Objective To describe visits and visit rates of adults presenting to emergency departments (EDs) with a diagnosis of traumatic brain injury (TBI). TBI is a major cause of death and disability in the USA; yet, current literature is limited because few studies examine longer-term ED revisits and hospital readmission patterns of TBI patients across a broad spectrum of injury severity, which can help inform potential unmet healthcare needs.
Design We performed a retrospective cohort study.
Setting We analysed non-public patient-level data from California’s Office of Statewide Health Planning and Development for years 2005 to 2014.
Participants We identified 1.2 million adult patients aged ≥18 years presenting to California EDs and hospitals with an index diagnosis of TBI.
Primary and secondary outcome measures Our main outcomes included revisits, readmissions and mortality over time.
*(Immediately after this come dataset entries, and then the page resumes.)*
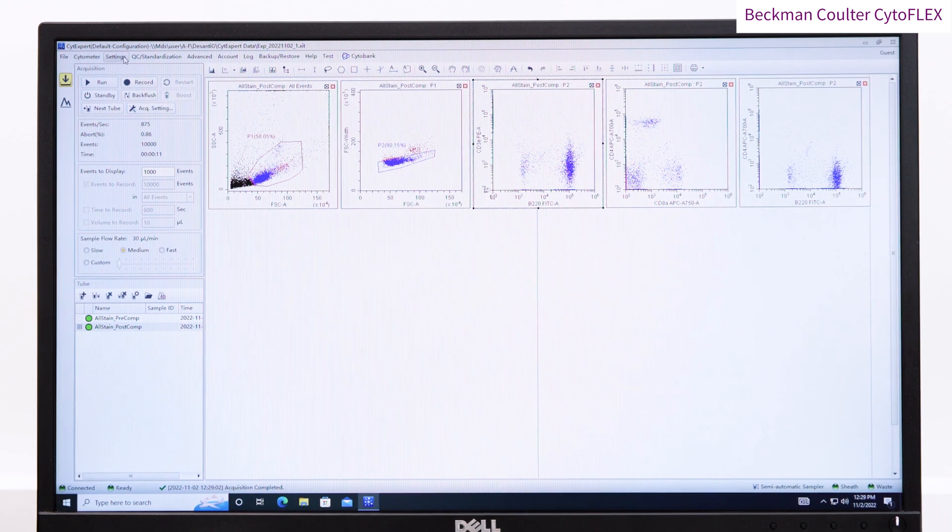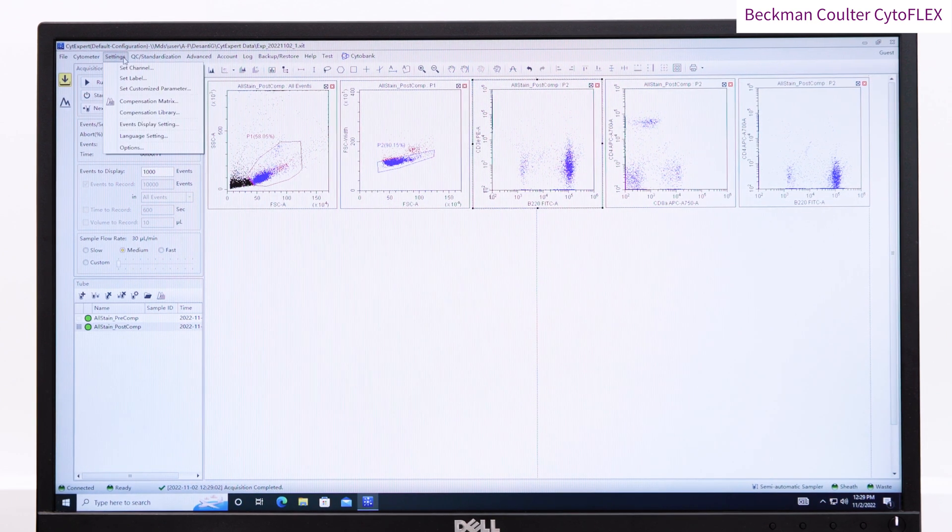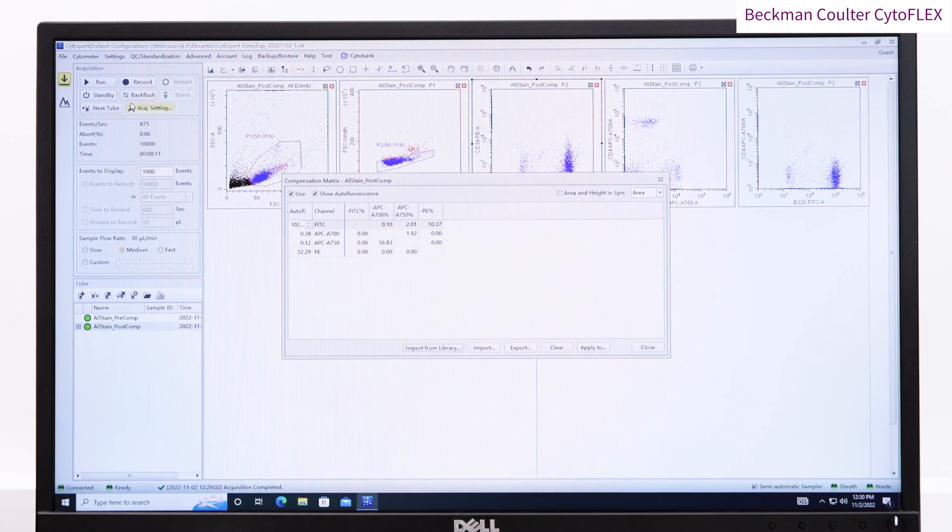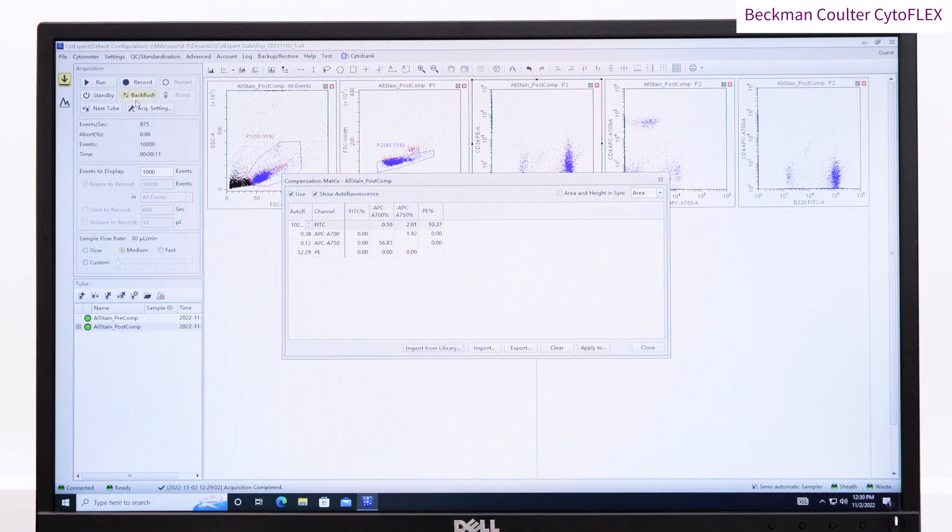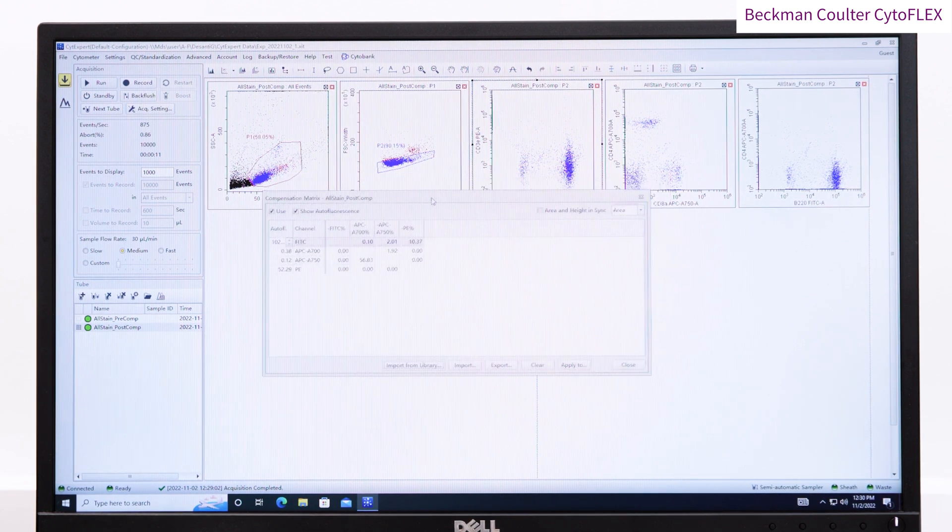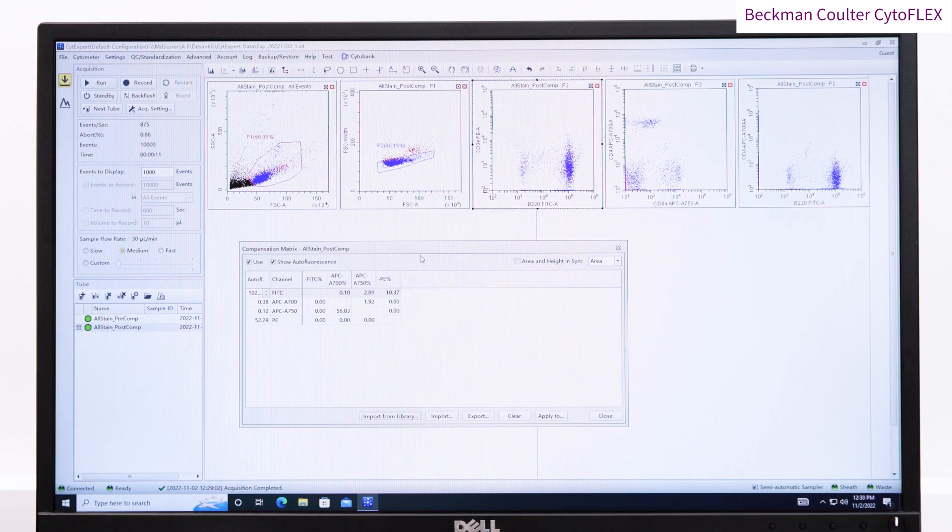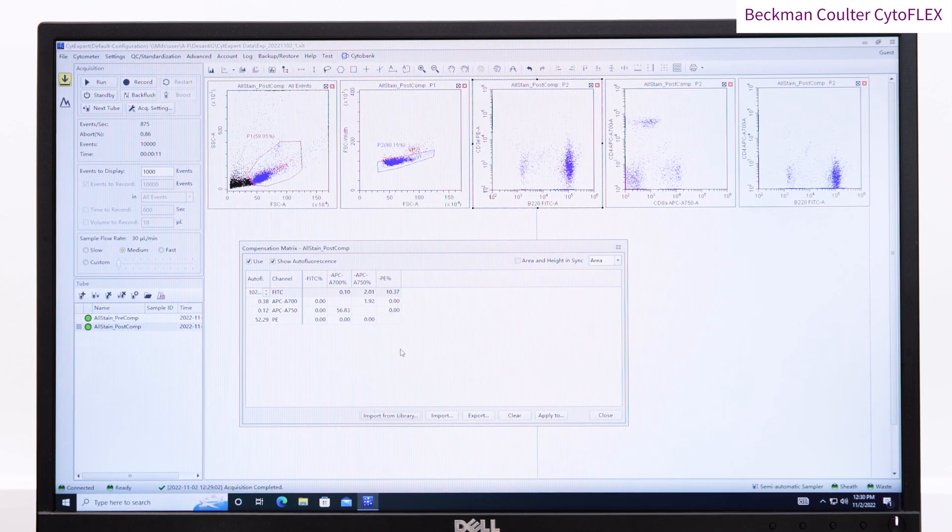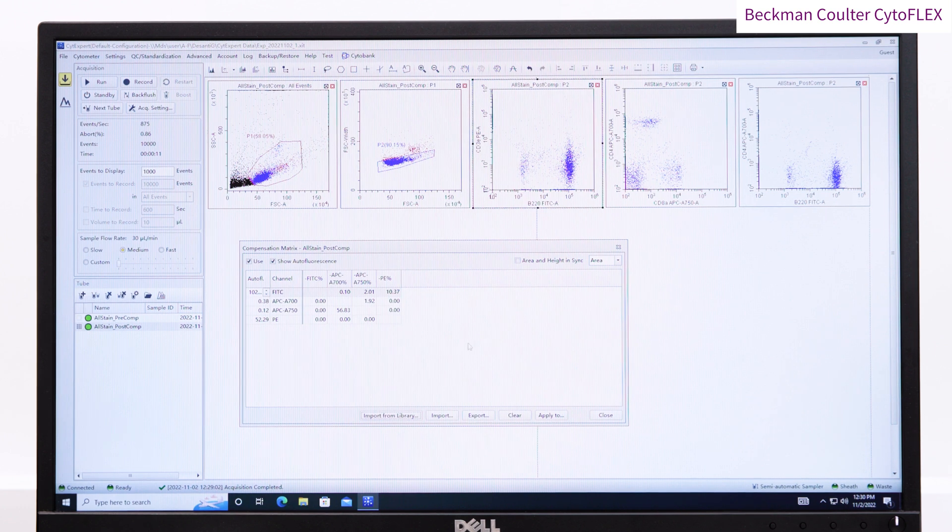To apply a manual change to the compensation, open the compensation window. Here we can see that the PE spilling to FITC has been overcorrected at 10.37%.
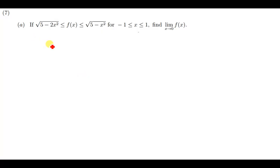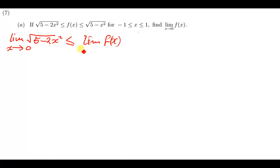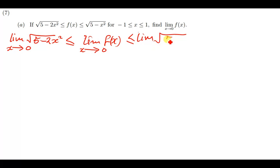Alright, so let's quickly begin to use the theorem. What we're going to do is find the limit of f of x as x approaches 0 on both sides of this inequality. We'll say the limit of the square root of 5 minus 2x squared when x approaches 0 is less than or equal to the limit of f of x when x approaches 0, which is also less than or equal to the limit of the square root of 5 minus x squared when x approaches 0.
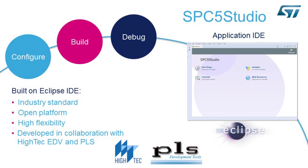SPC5 Studio combines a project editor, a sophisticated code generator, a compiler, a PLS starter kit debugger, and several software elements, including code examples, low-level drivers, and libraries. With SPC5 Studio, automotive application developers can build up an application within minutes.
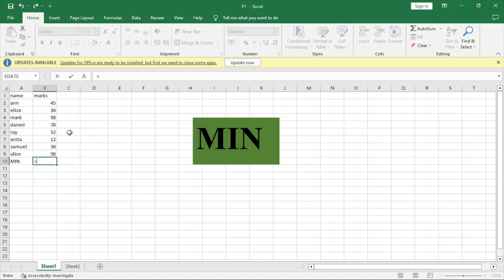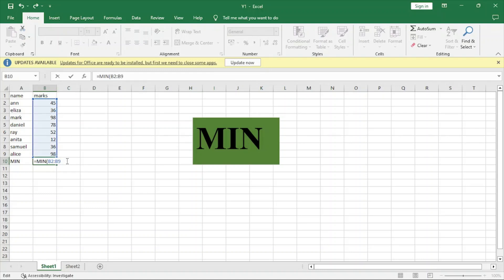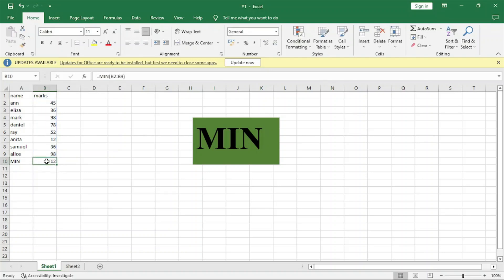You start with an equal sign, you write minimum from B2, then you put a colon to B9. When you enter, the minimum will be 12.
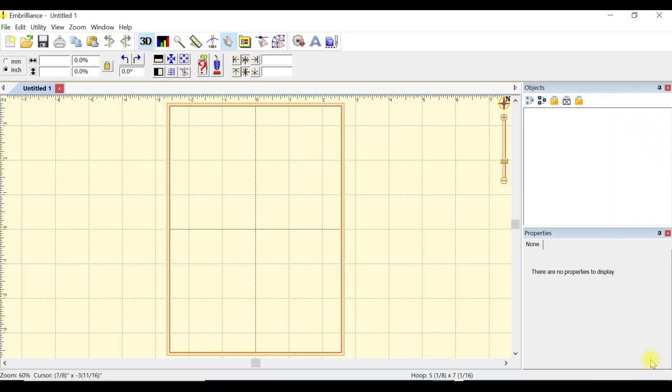Good morning, everybody. This is Kelly Farris. I just wanted to do a quick video on my method of free motion quilting using Embrilliant Stitch Artist. I have version 3, and it was so easy.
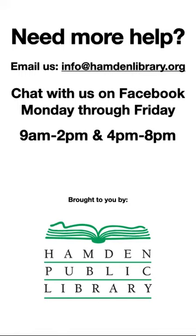For information on using Zoom on your desktop or laptop computer, on an Android device, or calling in via phone, please see our videos linked in the description. We hope to see you at one of our virtual Zoom programs sometime soon. Stay safe and thanks for watching.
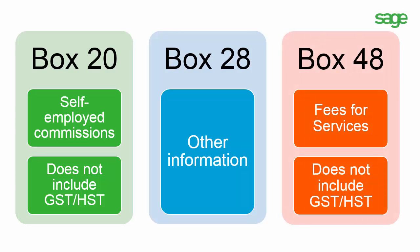Box 48 is used for fees for services. These are any fees or any other amount paid for services. Do not include the GST or HST paid to the recipient for these services. We recommend you talk to your accountant or visit the CRA website to obtain more information about the T4A slips and to determine if you need to submit them for any of your vendors.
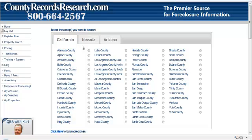Hi, this is Dennis from County Records Research, and I'd like to show you a great new feature we've added to our property search function that allows you to really pinpoint the exact areas you're interested in. It's called the Polygon Search.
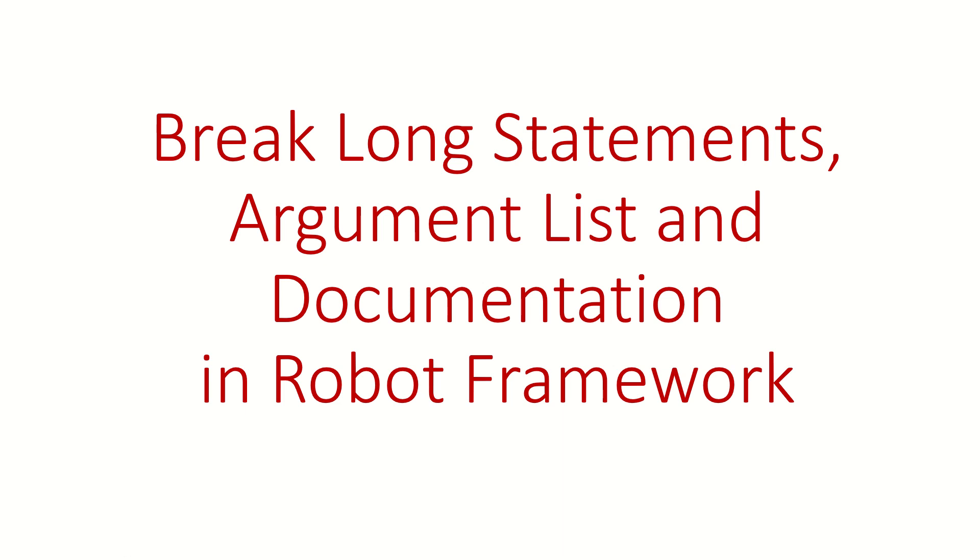Hi guys, welcome back. In this video we are going to see how to break long statements, long argument lists, and long documentation in Robot Framework. First of all, thank you for all the love and support you are showing to this channel.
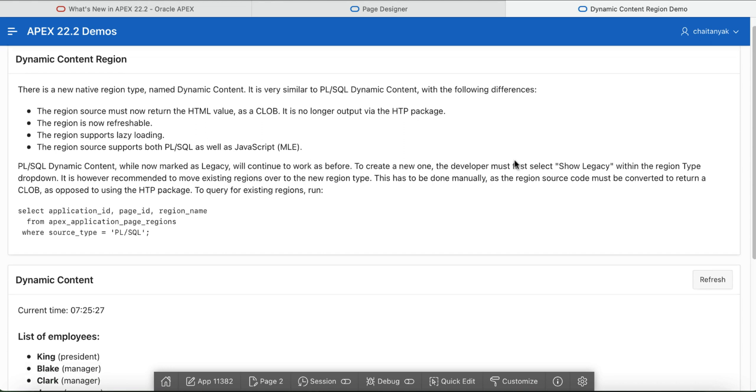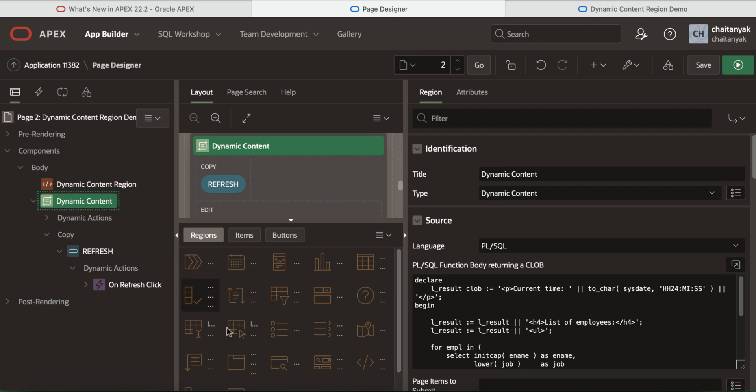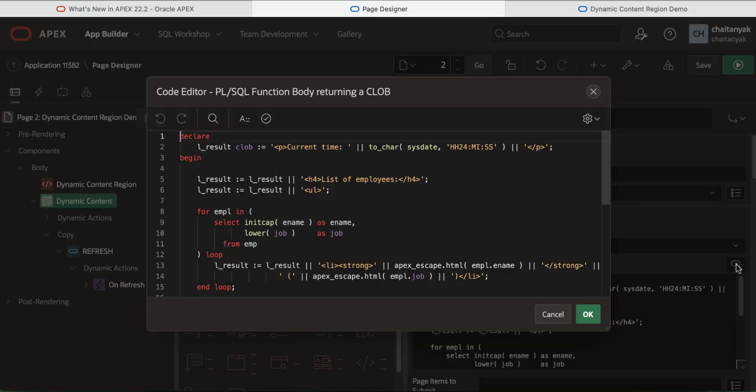Now let us take a quick look at an example of the new dynamic content region introduced in Apex 22.2. I already have an application with a page that has a dynamic content region created in. Now let us look at the source of the region.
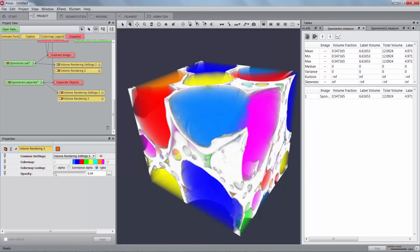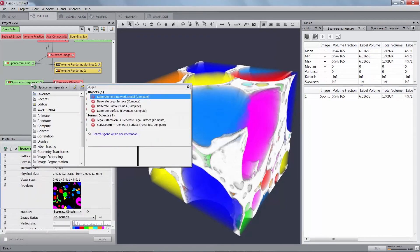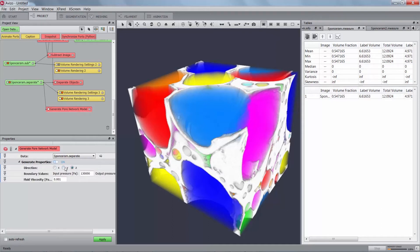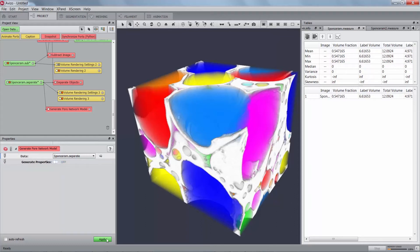In the next section we will generate and analyze the pore network. Generate a pore network model using the GeneratePoreNetworkModel module. Set the input to the separated and labeled pore space. You can also turn on the GenerateProperty switch to generate the absolute permeability, tortuosity, total flow rate per second and flow rate per second for each throat. Those properties are available since the 9.4 release of Aviso and the 6.4 release of Amira. We will turn off the GenerateProperty switch for this tutorial. Hit the apply button.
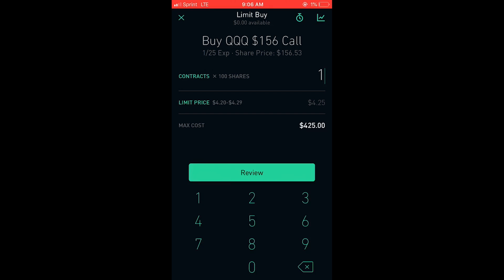That's the default that you will pay for this trade. Now if you want it to get filled immediately, you would enter the ask price and most likely get filled immediately, which would be $4.29. When you're done, you're going to select review and you can send off your trade immediately after that.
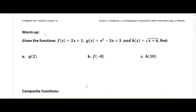Welcome back, geniuses. This is the first day of Math 3, Module 1, and it's the beginning of composite functions and inverses, which leads into a very important concept called logarithm. It's very important to understand this entire unit, so let's get a quick warm-up in and then talk about where we're headed.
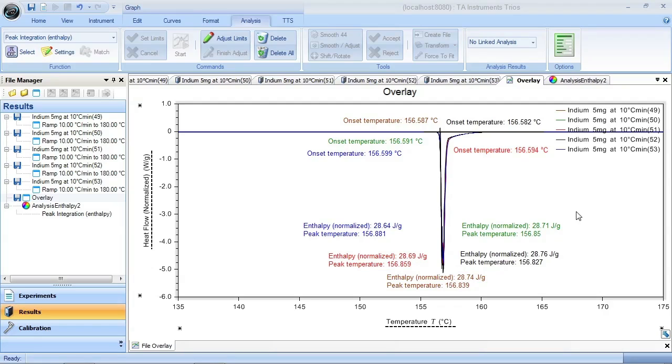I have here an overlay plot in the peak integration analysis results for a set of five indium repeatability measurements. At this point, the results are merely labels on the plot, but we can do so much more with them if we wish to.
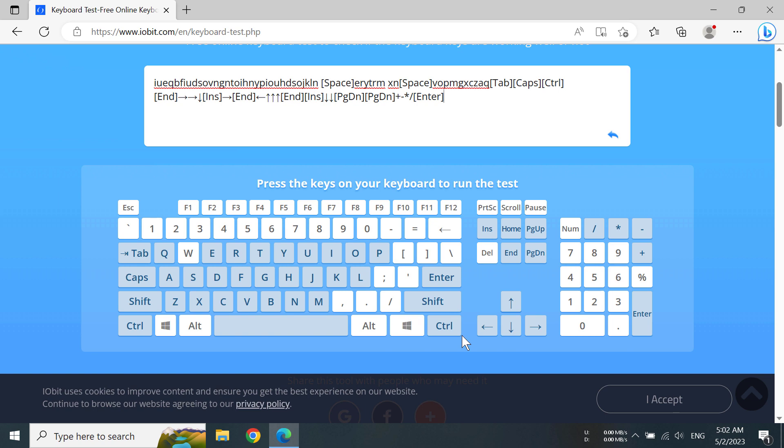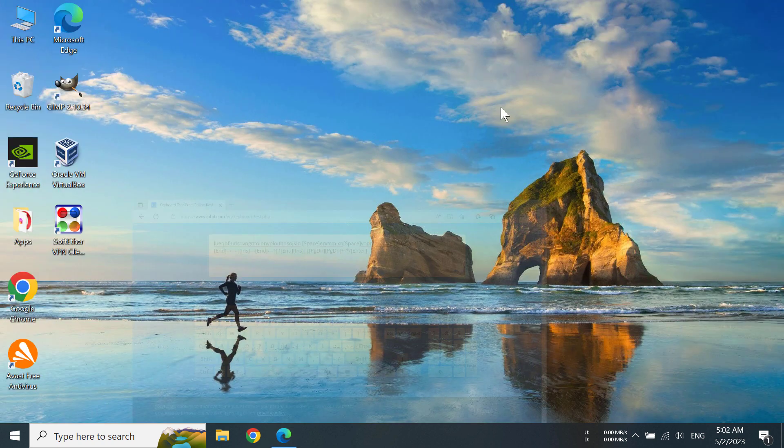So that's how you can test your keyboard. Thank you everyone for watching this video. If you think this video was helpful to you, please subscribe to our channel and also like this video. I will see you in the next video, goodbye.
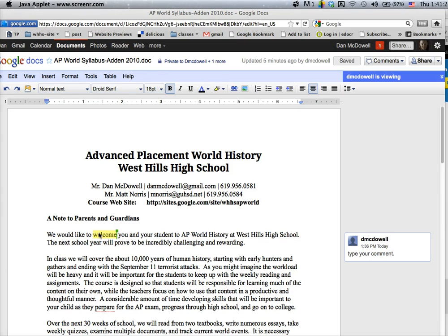When you are logged into the document and there's someone else also logged in, you'll see 'D McDowell is viewing' here, or it could be my Dan McDowell at gmail.com account, or it could say 'D McDowell and 20 others are viewing.' It just depends upon how many people are viewing at that time — they will all show up there.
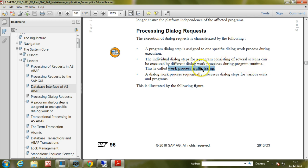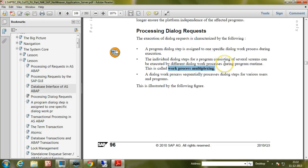This is called work process multiplexing. A single program will have different dialogue steps for a program consisting of several screens. One screen by one screen will be displayed to the user while executing the program, and that can be executed by different dialogue work processes — not only a single dialogue work process. A dialogue work process sequentially processes dialogue steps for various users and programs.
We also examined demographics, mechanism and severity of injury and disposition at discharge.
Results We found a 57.7% increase in the number of TBI ED visits, representing a 40.5% increase in TBI visit rates over the 10-year period (346–487 per 100 000 residents). During this time, there was also a 33.8% decrease in the proportion of patients admitted to the hospital. Older, publicly insured and black populations had the highest visit rates, and falls were the most common mechanism of injury (45.5% of visits). Of all patients with an index TBI visit, 40.5% of them had a revisit during the first year, with 46.7% of them seeking care at a different hospital from their initial hospital or ED visit. Additionally, of revisits within the first year, 13.4% of them resulted in hospital readmission.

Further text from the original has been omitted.